What the task asks: The answer should be the exact lines from the line containing "30万W粉治愈系爆款视频,A" through the last line of the material below, with no pictures.

Data for review:
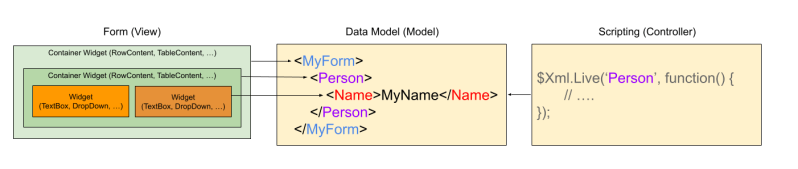 Forms Emakin Documentation - Desktop Landscape Textures for Desktop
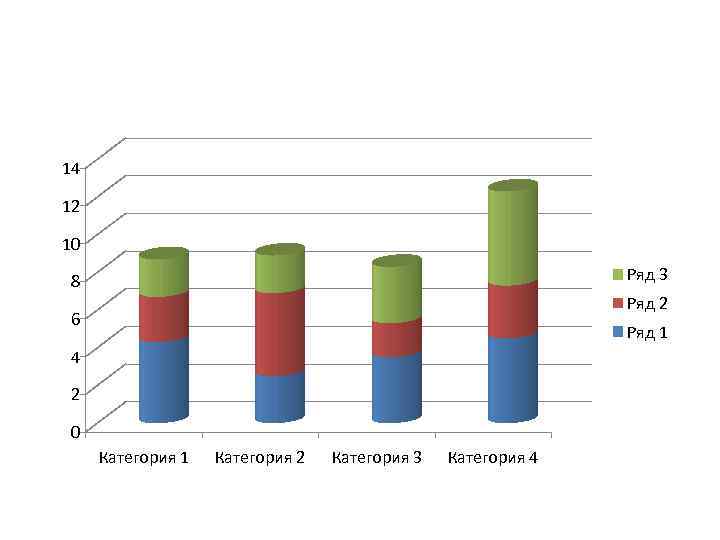 14 12 10 Ряд 3 8 Ряд 2 6 Ряд 1 4 2 0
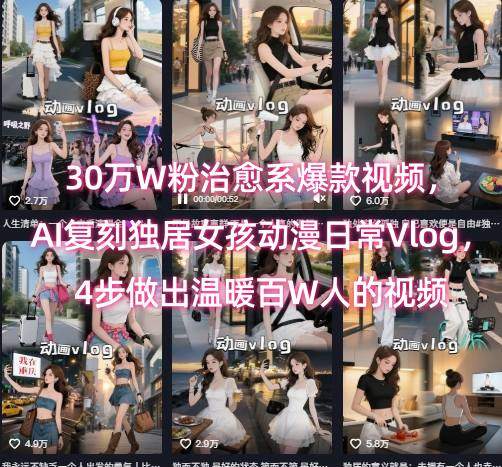 30万W粉治愈系爆款视频,AI复刻独居女孩动漫日常Vlog,4步做出温暖百W人的视频-樵渔匹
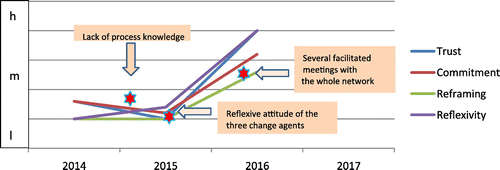 Figure 4. Reflexivity, trust, commitment and reframing in the Limburg network (h = high, m = medium, l =low, Display full size = significant change).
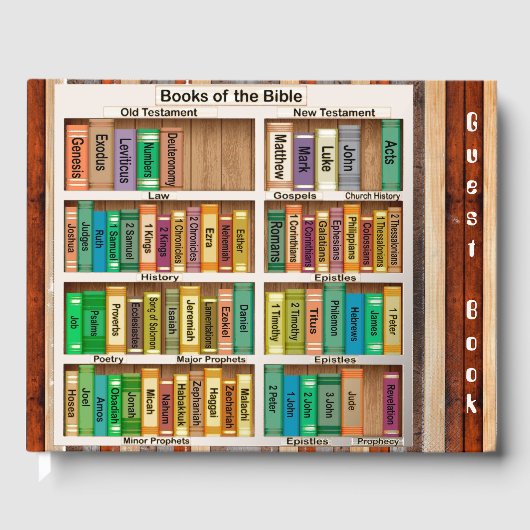 Books of the Bible ゲストブック (正面)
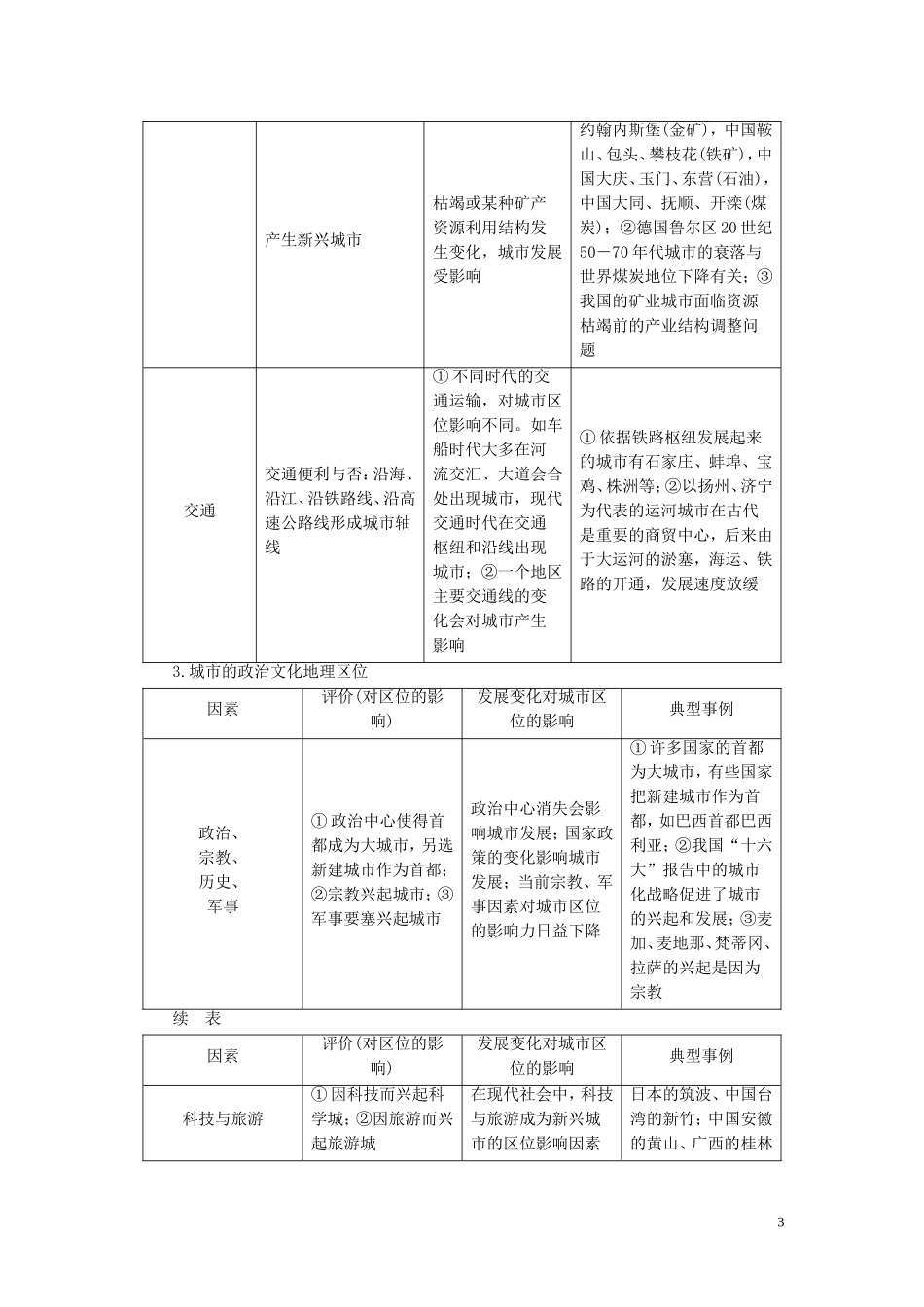 （浙江选考）新高考地理一轮复习 第六章 城市与环境 第22讲 城市空间结构教学案 新人教版-新人教版高三全册地理教学案_第3页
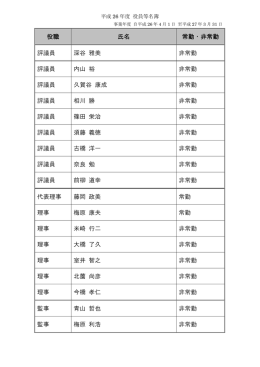役職 氏名 常勤・非常勤 評議員 深谷 雅美 非常勤 評議員 内山 裕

Solution for this exercise:
 30万W粉治愈系爆款视频,AI复刻独居女孩动漫日常Vlog,4步做出温暖百W人的视频-樵渔匹
 Figure 4. Reflexivity, trust, commitment and reframing in the Limburg network (h = high, m = medium, l =low, Display full size = significant change).
 Books of the Bible ゲストブック (正面)
 （浙江选考）新高考地理一轮复习 第六章 城市与环境 第22讲 城市空间结构教学案 新人教版-新人教版高三全册地理教学案_第3页
役職 氏名 常勤・非常勤 評議員 深谷 雅美 非常勤 評議員 内山 裕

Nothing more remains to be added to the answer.